NOW was a British political and literary periodical founded in 1940 by George Woodcock, its first editor, from 1940 to 1941, and by Freedom Press from 1943 to 1947.

In the words of its founder, it was established as a review "for publishing literary matter and also as a forum for controversial writing which could not readily find publications under wartime conditions", and included works by "Anarchists, Stalinists, Trotskyists, pacifists, and New Statesman moderates".

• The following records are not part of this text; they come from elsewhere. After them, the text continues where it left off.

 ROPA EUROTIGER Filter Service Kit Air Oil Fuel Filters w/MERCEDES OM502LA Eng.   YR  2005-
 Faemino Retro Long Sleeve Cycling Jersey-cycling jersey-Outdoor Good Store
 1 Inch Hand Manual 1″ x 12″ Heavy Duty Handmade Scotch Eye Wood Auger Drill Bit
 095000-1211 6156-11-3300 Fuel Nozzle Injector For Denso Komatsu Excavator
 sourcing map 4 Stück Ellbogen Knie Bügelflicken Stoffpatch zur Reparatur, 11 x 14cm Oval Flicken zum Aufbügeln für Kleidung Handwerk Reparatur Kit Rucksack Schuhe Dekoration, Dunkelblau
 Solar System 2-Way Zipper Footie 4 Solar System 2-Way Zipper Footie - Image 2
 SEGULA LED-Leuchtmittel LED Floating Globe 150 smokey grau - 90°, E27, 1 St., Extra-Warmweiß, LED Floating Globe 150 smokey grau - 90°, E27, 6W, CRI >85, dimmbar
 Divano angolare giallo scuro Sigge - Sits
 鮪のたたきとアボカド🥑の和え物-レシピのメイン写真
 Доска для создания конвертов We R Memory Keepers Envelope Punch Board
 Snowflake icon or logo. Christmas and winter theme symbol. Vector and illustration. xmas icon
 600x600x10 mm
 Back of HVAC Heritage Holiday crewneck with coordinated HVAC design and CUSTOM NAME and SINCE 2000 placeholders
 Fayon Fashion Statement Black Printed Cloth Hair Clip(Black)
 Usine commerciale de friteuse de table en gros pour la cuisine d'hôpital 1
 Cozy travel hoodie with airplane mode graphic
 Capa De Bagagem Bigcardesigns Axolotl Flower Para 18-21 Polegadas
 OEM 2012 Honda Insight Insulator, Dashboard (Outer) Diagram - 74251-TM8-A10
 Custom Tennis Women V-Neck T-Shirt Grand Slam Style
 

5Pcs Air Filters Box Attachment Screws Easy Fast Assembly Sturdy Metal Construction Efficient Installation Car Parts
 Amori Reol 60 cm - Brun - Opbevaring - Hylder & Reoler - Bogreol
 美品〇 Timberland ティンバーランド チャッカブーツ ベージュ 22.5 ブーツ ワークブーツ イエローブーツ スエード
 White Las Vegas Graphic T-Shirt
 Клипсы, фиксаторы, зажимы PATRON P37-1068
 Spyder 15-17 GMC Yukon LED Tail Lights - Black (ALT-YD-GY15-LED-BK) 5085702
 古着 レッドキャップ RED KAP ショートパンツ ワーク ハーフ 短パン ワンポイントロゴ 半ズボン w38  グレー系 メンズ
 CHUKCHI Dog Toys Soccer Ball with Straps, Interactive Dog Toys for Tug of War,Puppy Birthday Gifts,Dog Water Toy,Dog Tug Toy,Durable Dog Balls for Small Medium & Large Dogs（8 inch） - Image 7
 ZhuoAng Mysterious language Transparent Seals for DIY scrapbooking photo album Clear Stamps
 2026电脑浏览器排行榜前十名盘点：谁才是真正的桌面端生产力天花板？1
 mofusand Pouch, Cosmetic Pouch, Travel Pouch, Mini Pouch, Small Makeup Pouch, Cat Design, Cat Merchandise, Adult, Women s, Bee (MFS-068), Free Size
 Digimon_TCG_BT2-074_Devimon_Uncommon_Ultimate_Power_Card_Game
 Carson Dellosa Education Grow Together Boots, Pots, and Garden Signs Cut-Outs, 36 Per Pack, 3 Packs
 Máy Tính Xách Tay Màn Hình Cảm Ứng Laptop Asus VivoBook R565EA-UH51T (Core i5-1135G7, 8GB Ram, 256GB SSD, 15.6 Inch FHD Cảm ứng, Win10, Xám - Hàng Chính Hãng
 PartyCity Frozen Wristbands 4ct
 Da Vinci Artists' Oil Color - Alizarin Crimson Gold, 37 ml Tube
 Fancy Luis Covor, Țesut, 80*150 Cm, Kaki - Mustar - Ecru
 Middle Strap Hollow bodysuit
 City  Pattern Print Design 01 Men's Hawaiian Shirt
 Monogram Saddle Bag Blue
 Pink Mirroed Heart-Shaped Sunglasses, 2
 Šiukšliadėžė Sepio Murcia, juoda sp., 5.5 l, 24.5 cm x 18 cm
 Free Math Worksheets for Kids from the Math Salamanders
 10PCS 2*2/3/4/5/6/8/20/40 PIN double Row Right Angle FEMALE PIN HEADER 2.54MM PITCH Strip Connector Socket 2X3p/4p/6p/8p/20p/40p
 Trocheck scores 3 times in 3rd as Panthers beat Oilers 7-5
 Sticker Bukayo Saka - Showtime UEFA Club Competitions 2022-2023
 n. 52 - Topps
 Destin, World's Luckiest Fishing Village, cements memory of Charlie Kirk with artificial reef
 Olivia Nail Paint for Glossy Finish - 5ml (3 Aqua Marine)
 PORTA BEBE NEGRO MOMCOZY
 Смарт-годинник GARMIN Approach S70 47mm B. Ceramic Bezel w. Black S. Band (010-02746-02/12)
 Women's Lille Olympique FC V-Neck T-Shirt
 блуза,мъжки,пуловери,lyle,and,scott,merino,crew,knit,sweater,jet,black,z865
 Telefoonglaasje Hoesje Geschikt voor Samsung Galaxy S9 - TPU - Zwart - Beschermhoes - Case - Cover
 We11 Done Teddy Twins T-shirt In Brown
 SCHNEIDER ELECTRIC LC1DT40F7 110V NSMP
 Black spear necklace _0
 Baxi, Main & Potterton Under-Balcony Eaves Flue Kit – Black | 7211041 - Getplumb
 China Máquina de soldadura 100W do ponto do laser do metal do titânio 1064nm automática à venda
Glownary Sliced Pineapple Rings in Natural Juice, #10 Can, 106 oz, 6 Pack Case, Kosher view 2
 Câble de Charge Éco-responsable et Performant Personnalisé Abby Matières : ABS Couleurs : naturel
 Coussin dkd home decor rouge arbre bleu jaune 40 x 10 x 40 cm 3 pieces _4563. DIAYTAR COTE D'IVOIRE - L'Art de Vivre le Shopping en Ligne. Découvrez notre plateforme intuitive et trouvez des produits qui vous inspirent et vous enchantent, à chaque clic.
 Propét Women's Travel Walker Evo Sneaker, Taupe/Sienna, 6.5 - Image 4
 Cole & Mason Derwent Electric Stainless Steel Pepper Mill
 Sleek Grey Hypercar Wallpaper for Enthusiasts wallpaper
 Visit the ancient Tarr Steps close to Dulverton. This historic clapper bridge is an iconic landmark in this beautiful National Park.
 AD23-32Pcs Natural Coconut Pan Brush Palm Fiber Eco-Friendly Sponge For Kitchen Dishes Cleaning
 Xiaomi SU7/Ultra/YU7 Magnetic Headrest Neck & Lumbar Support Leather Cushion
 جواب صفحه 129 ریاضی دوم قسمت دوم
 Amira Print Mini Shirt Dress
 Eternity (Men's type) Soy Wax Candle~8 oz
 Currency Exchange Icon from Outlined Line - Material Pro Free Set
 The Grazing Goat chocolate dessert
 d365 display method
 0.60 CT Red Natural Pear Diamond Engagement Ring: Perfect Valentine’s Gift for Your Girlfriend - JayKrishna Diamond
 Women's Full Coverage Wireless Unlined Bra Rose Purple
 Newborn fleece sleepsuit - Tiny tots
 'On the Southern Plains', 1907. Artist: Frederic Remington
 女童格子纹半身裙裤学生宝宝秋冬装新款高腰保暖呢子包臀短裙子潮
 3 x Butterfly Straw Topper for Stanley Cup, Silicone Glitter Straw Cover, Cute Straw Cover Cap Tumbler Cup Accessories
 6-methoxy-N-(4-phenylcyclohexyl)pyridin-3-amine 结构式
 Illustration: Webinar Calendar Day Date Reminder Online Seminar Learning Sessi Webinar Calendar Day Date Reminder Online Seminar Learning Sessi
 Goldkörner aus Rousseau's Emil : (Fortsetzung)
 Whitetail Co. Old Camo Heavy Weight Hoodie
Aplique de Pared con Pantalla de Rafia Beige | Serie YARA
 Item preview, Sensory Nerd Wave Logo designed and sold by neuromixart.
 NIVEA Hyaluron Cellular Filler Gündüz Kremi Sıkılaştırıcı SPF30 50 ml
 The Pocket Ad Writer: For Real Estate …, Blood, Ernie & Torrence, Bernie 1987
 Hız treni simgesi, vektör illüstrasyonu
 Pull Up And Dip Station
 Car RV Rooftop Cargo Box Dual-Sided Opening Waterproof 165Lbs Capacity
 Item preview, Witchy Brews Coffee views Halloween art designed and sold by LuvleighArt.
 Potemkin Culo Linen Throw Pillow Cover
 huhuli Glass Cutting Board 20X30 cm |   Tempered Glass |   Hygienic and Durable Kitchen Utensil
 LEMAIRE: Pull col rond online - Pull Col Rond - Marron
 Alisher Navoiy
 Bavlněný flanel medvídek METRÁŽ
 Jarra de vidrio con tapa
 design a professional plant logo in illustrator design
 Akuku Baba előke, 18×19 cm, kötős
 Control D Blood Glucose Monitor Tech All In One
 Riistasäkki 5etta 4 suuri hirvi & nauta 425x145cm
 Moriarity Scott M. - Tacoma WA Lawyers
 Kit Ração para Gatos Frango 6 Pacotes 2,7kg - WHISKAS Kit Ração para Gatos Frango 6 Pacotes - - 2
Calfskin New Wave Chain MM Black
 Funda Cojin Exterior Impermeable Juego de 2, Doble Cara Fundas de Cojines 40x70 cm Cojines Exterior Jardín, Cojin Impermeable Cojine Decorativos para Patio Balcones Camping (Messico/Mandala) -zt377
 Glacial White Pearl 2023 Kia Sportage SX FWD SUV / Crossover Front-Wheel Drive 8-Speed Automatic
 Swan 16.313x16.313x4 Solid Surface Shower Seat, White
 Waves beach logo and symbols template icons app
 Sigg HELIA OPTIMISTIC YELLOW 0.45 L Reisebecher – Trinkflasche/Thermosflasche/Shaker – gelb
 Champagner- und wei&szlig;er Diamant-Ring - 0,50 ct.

In 1945 Now published Marie-Louise Berneri's "Sexuality and Freedom", one of the first
discussions of the ideas of Wilhelm Reich in Britain.

Orwell
In his reply to George Orwell's "London Letter", published in the March–April 1942 issue of Partisan Review, in which Orwell had mentioned NOW as an example of publications that published contributions by both pacificts and Fascists,  Woodcock stated that "the review had abandoned its position as an independent forum", and was now "the cultural review of the British Anarchist movement". The issue Orwell referred to featured "contributions from, among others, the Duke of Bedford, Alexander Comfort, Julian Symons, and Hugh Ross Williamson".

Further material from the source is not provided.